Given data:
☆ ☆ ☆ ☆

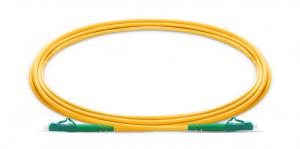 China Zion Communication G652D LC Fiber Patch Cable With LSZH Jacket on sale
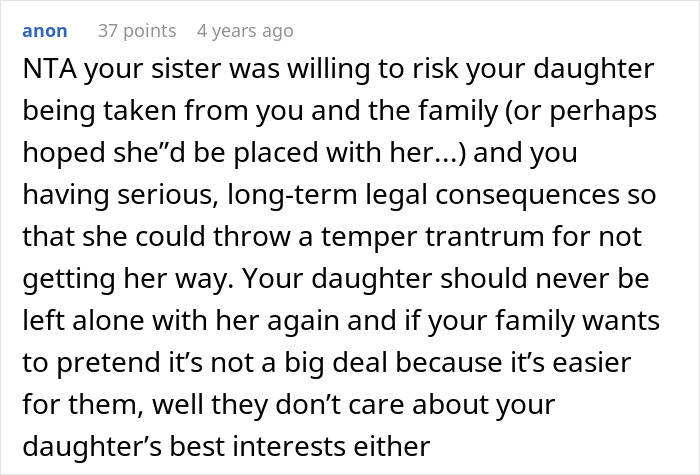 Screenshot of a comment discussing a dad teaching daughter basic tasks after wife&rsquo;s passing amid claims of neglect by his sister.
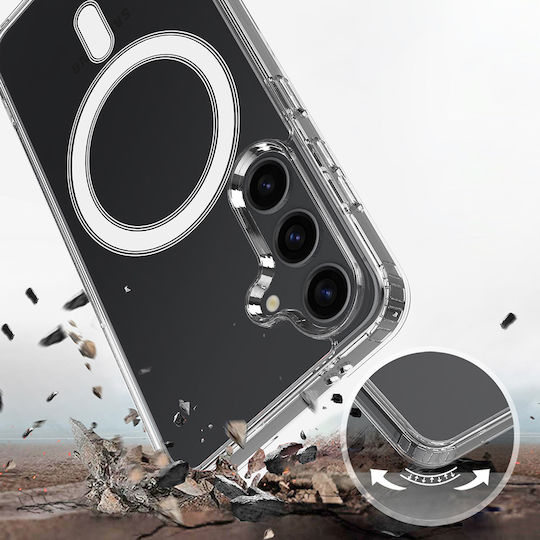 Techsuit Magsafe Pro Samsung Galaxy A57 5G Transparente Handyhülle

☆ ☆ ☆ ☆

Brief: The exact lines from the one containing "Screenshot of a" through the end of the data are to be copied, with both ends kept and pictures left out.

Your solution:
 Screenshot of a comment discussing a dad teaching daughter basic tasks after wife&rsquo;s passing amid claims of neglect by his sister.
 Techsuit Magsafe Pro Samsung Galaxy A57 5G Transparente Handyhülle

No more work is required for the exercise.